In doing my research on building a hutch, I learned that the most important thing is to keep the rabbits dry and cool. I knew that I’d have to keep them sheltered from the rain and wind during the winter and keep them cool and out of the sun during the summer, so I decided to put the structure in the shade of the north side of my house.

Like most projects around here, the hutch didn’t come together easily. I had lots of fun challenges along the way. Building a custom-style hutch with a unique compost system like I wanted just didn’t happen because of a lack of time, expertise and shady space. However, I think what I came up with will work out just fine. With the help of my dad, I built a simple wood structure that will protect the rabbits from the elements.

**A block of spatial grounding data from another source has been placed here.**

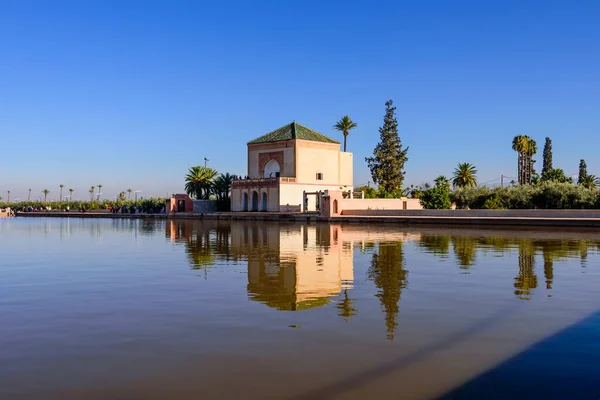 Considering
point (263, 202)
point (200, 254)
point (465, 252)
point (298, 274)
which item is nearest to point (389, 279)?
point (298, 274)

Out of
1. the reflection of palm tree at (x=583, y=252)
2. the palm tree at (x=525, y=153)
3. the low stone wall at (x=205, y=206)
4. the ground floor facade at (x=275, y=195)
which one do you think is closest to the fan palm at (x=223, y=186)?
the low stone wall at (x=205, y=206)

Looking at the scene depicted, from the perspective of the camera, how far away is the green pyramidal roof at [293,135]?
48000mm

I attached a piece of oil cloth, which I fitted with a grommet in each corner, to the two exterior sides. Those will keep the rabbits protected from the wind and rain coming in from the sides.

I decided to invest in two pairs of stacking cages from Bass Equipment, one set of 30 by 30 inch cages and the other two 30 by 36 inches. I plan on keeping the doe and the buck in the 30×30 cages and will use the 30×36 inch cages as grow-out cages and when my doe is expecting. I already ordered the nesting box. I ordered the cages with doors that swing out so it’s easier to access the rabbits. I was able to order super cool adapters that make two-liter bottles into waterers. They even came with springs that secure them to cages like a bungee.

Putting together the actual cages was a test of patience. Every few inches a small piece of metal called a J-clip is curled around the two sides of wire to join them together. I ordered a special pair of J-clips pliers, but I had the hardest time figuring out how they fit around the clips to bring them to a close. I’m sure most people find them easy to use and I was just too close to the problem to see the solution clearly, but I couldn’t figure out an easier way.

I finally devised a system using a real pair of pliers, which I used to give the J-clip a little more of a bend, and then using of the J-clip pliers to bring the metal all the way around and secured in place.

Finally, no rabbit hutch would be complete, at least on my farm anyway, without a little decorative bunting to give it some charm. If you’re going to do something, you might as well do it with style. So, I’m working on that final touch.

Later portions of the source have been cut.